Pointing fingers: Minister blames federal govt for not resolving power crisis

Murad Ali Shah claims Sindh govt has paid outstanding bills but power cuts continue


Our Correspondent June 23, 2015
Sindh Finance Minister Murad Ali Shah addresses a press conference in Karachi on Tuesday, June 23, 2015. PHOTO: NNI

KARACHI: Having exhausted all the constitutional methods to ask the federal government to resolve the city’s power crisis, the Sindh government is left with no option but to knock on the doors of the judiciary and protest for its due rights, claimed provincial finance and energy minister Murad Ali Shah at a press conference on Tuesday.

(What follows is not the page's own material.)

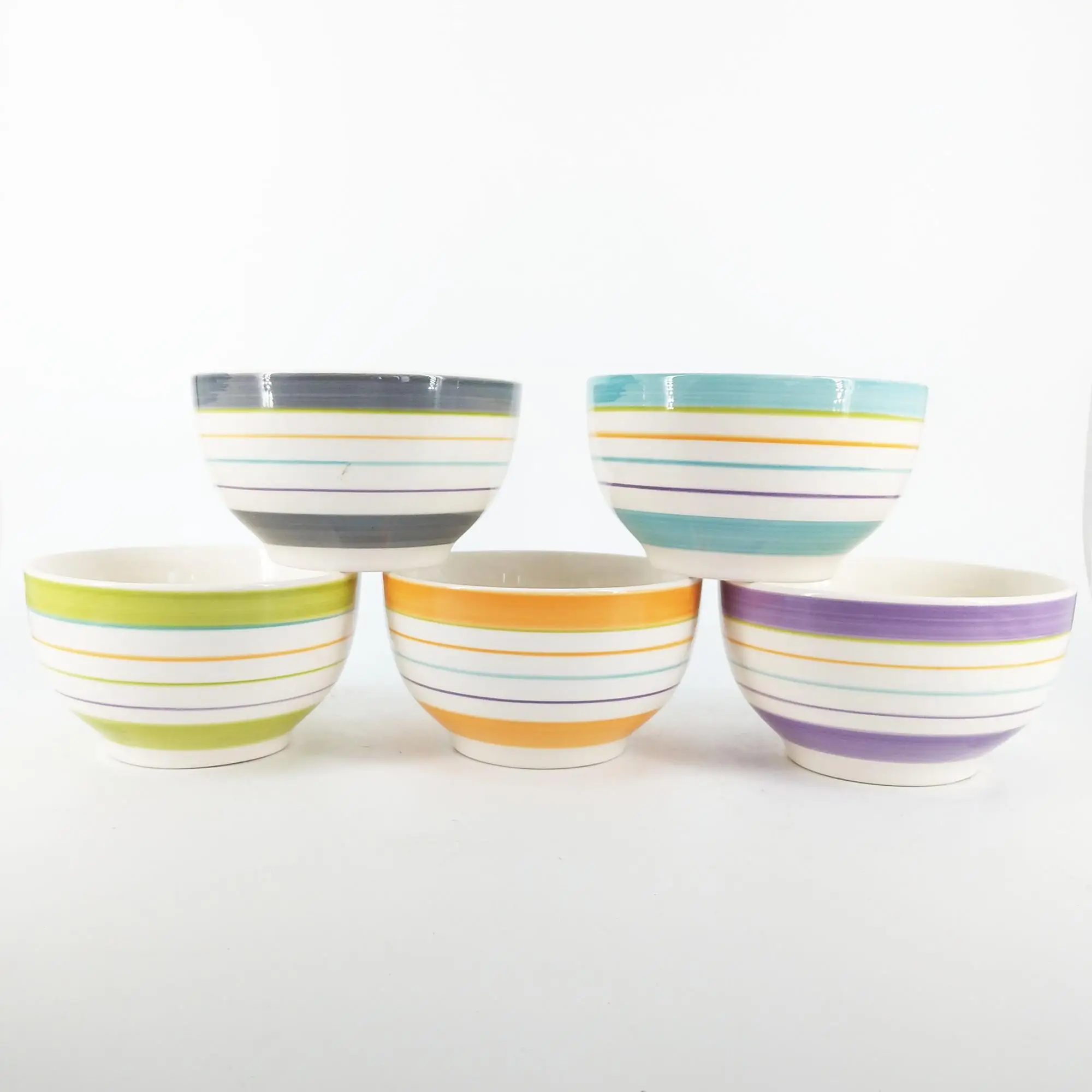 Wholesale Factory Price Colourful 5.5" Stoneware Handpainted Ceramic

Shah said that following predictions of energy crises in Karachi and rural Sindh, the provincial government wrote a letter to the federal government on May 13 and later held a meeting with Prime Minister Nawaz Sharif and federal water and power minister Khawaja Asif to resolve the issue. “Instead of helping, however, they created hindrances,” he added.



“It was decided at the meeting that Sindh would pay the federal government the outstanding power bills of Rs2.4 billion and we did, but they made no effort to reduce the load-shedding,” he said. “We request them to cut the electricity for the Sindh government’s offices but not to punish the people of Sindh.”

The minister further alleged that the provincial government had established solar and wind energy projects but the Centre was creating hurdles in determining the electricity tariff. “Our 100MW solar plant will start producing power by September and we have inked an agreement with K-Electric to supply power to it,” he asserted. “Similarly, our 250MW wind project is in the process of generating power but the federal government is delaying the fixing of the tariff.”

Published in The Express Tribune, June 24th, 2015.